A) I am pre-planning because I enjoy planning parties, and I find looking through wedding blogs/magazines/websites/etc. inspiring. I think it's amazing how creative people are. And I do intend to use ideas that I've seen in the wedding context for other events (like an upcoming baby shower). It's mostly fantasy planning, and I really don't see myself as obsessed. I would never get married just to have the excuse to be the center of attention and to plan an incredibly expensive party.

B) I'm looking forward to engagement/marriage because I love the man I'm with. I want to have a life with him. This has been a sticking point for me - I am definitely one of those girls who falls hard and early, and I know that I can be blind to a guy's faults early in a relationship. I have had a series of long relationships, and I've been engaged once before and had another guy ask my father for his blessing (although I broke up with him before he ever asked me). I'm terrified of being one of those girls who has to be in a relationship (although, yes, I have had periods alone).

But I'm also a firm believer in marriage. I believe it is a commitment for life, and I can say with more certainty than you'd expect that I will not divorce a man unless there is infidelity or physical abuse. Some might consider it unwise, but this all-or-nothing mentality has kept me from actually marrying anyone yet. That's a big commitment!

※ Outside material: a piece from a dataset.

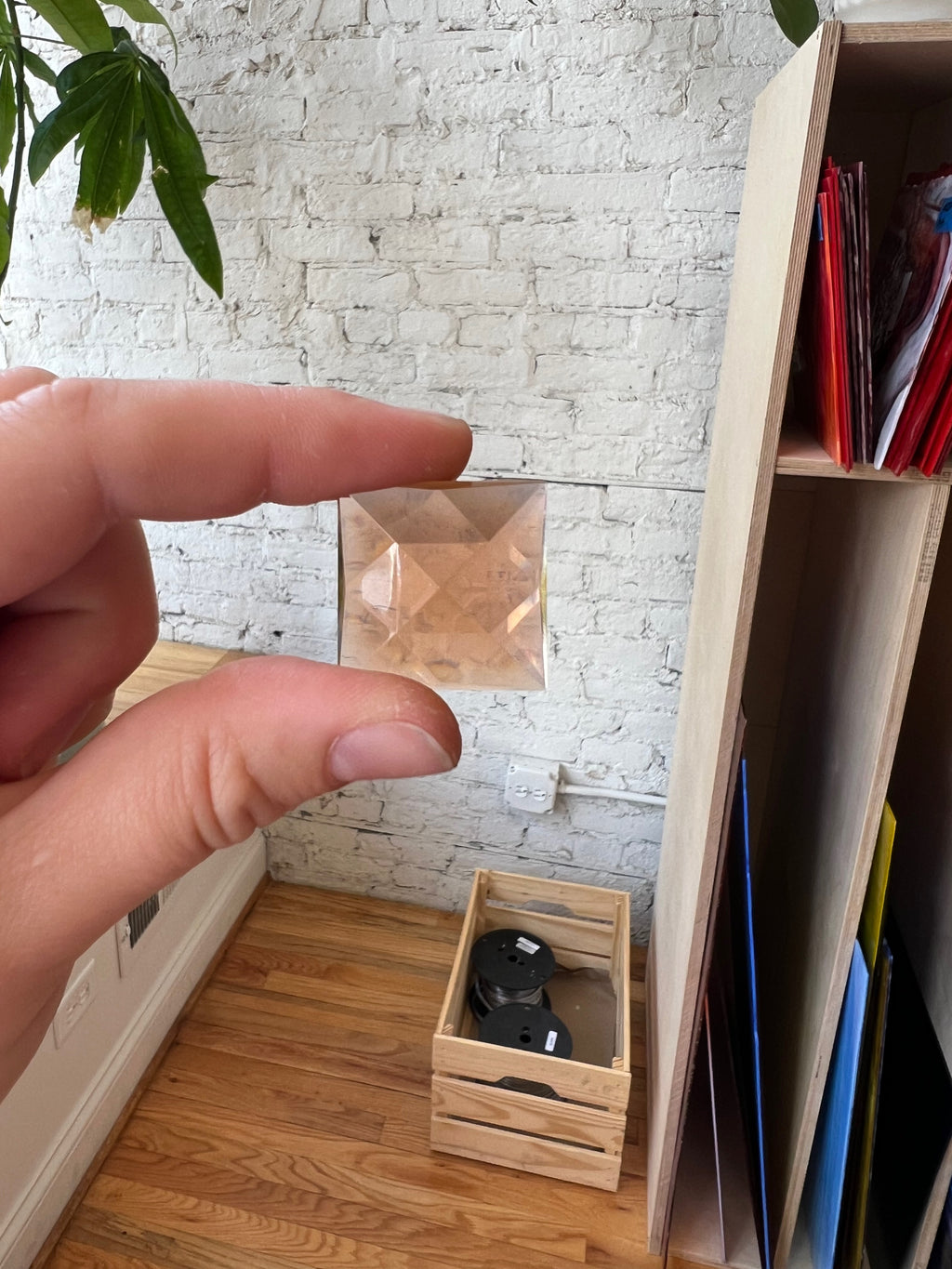 Hand holding a small transparent gem with a brick-patterned wall and wooden shelf in the background.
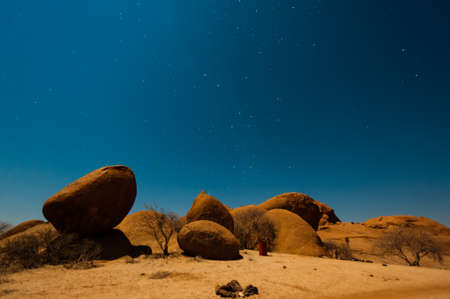 Night shot in the Namibian Desert showing the stars coming out.の写真素材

I know that I've been a little marriage-crazy in the past, but people change. Knowing my past mistakes and the reasons behind them does allow me to make better decisions. Do I still have to fight to be objective about people I'm close to? Sure. But I think I'm ready. I think this is the guy, and I think that he deserves the kind of commitment that I want to make to him - and I think that he wants to make that kind of commitment to me. And I think he'll make an amazing father (and that matters to me).